A l'occasion du sommet Afrique-France, le gynécologue Denis Mukwege, prix Nobel de la paix 2018, a reçu la médaille de citoyen d'honneur de la Ville de Montpellier, samedi 9 octobre. Il s'est également vu remettre le titre de Docteur Honoris Causa de l'Université de Montpellier.

Les sourires étaient présents en nombre dans le bâtiment historique de la Faculté de médecine de Montpellier, samedi 9 octobre. Denis Mukwege a reçu la médaille de citoyen d'honneur de la Ville de Montpellier des mains du maire Michaël Delafosse. "C’est sans doute la première fois dans l’histoire de notre Ville que la cérémonie de distinction de Docteur Honoris Causa est associée à la médaille de citoyen d’honneur de la Ville de Montpellier. Cela est lié au caractère exceptionnel de votre personne, de votre engagement et de votre combat", a déclaré le président de Montpellier Méditerranée Métropole pour lui rendre hommage. "Vous avez évoqué que vous êtes confronté à la négation de l’humanité. Mais vous en êtes l’exact opposé. Par vos paroles et par vos actes, vous incarnez sans doute ce que l’humanité a de meilleur."

Philippe Augé, président de l’Université de Montpellier, Michel Mondain, doyen de la Faculté de Médecine de Montpellier Nîmes, de Sophie Béjean, rectrice de l’Académie de Montpellier, étaient également présents, notamment pour la remise du titre de docteur Honoris Causa, titre honorifique décerné par une université ou une faculté à une personnalité éminente.
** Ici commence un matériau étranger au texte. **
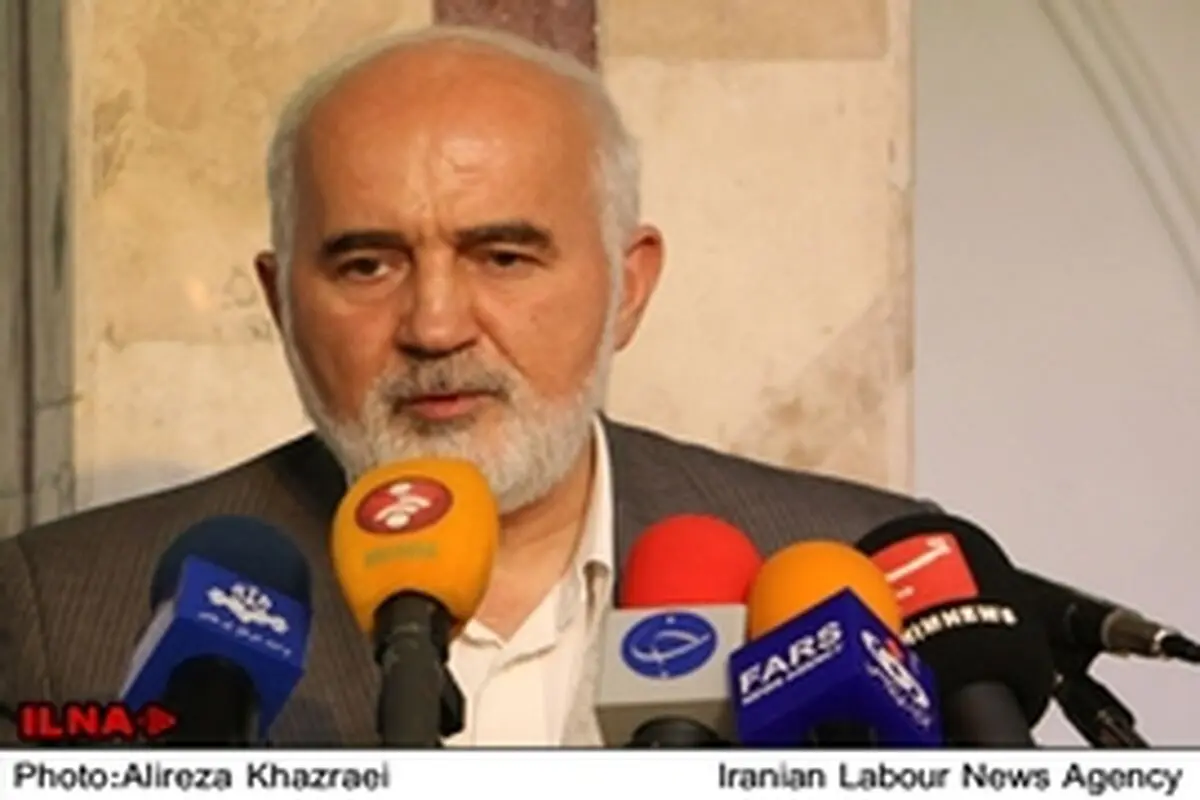 دولت قبل در فساد بابک زنجانی مقصر است / اسناد جعل شناسنامه برای باز کردن حساب از زنجانی داریم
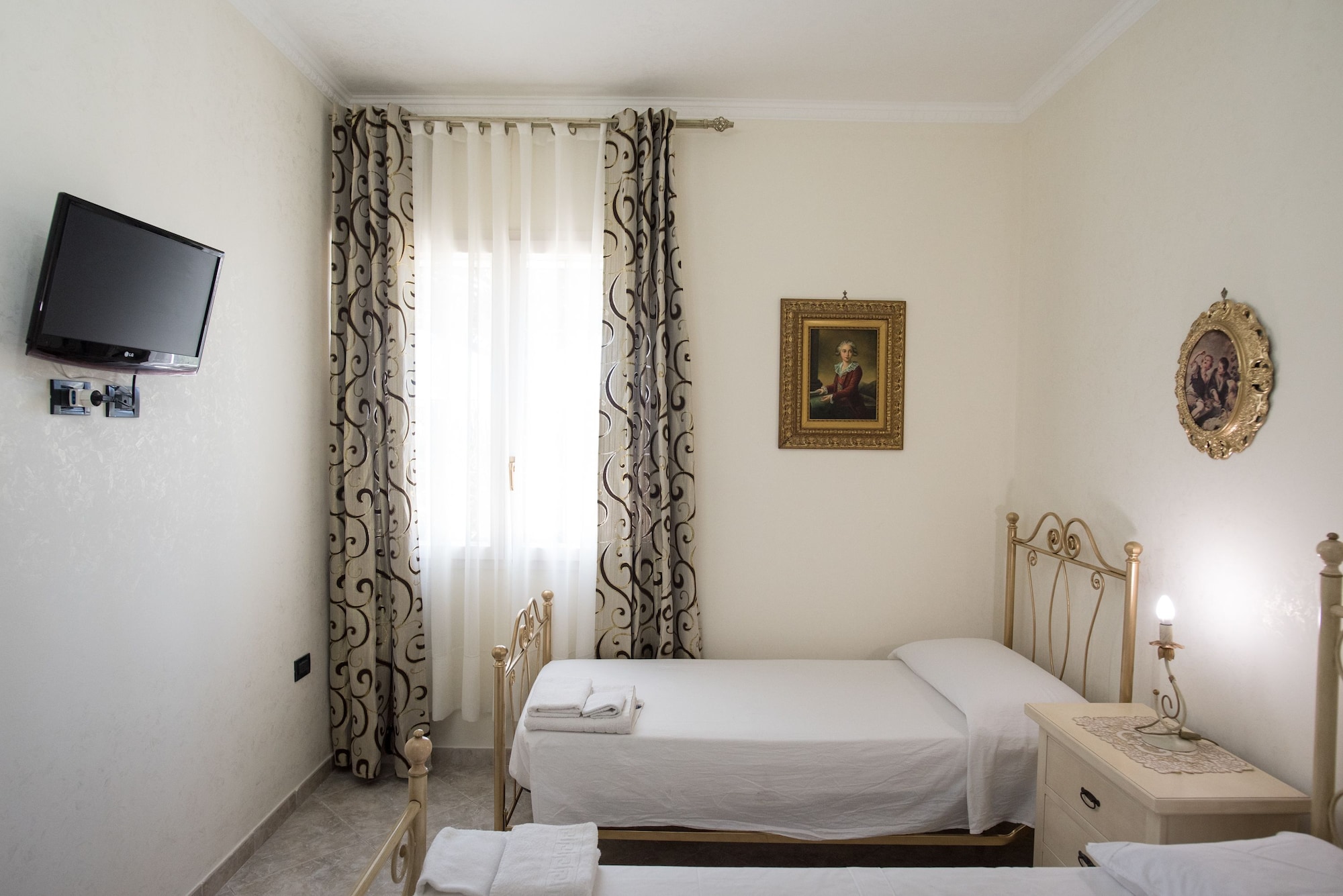 1 BEDROOM, CLASSIC, QUADRUPLE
Il dénonce un silence choquant et coupable de la communauté internationale

Ce gynécologue congolais s'était fait connaitre pour son combat contre les mutilations génitales pratiquées sur les femmes et les enfants dans son pays. Il avait obtenu le prix Nobel de la paix en 2018.

Au cours d'une intervention, le gynécologue a évoqué le destin des Congolais. "Je veux ici vous faire prendre conscience de la souffrance profonde des femmes congolaises et de mes compatriotes. Ces femmes, ces hommes et ces enfants qui vivent chaque jour comme s’il était le dernier." Il a parlé de "violences indescriptibles depuis près de trois décennies, commises dans un climat général d’impunité, qui alimentent les cycles de violences dans un silence choquant et coupable de la communauté internationale".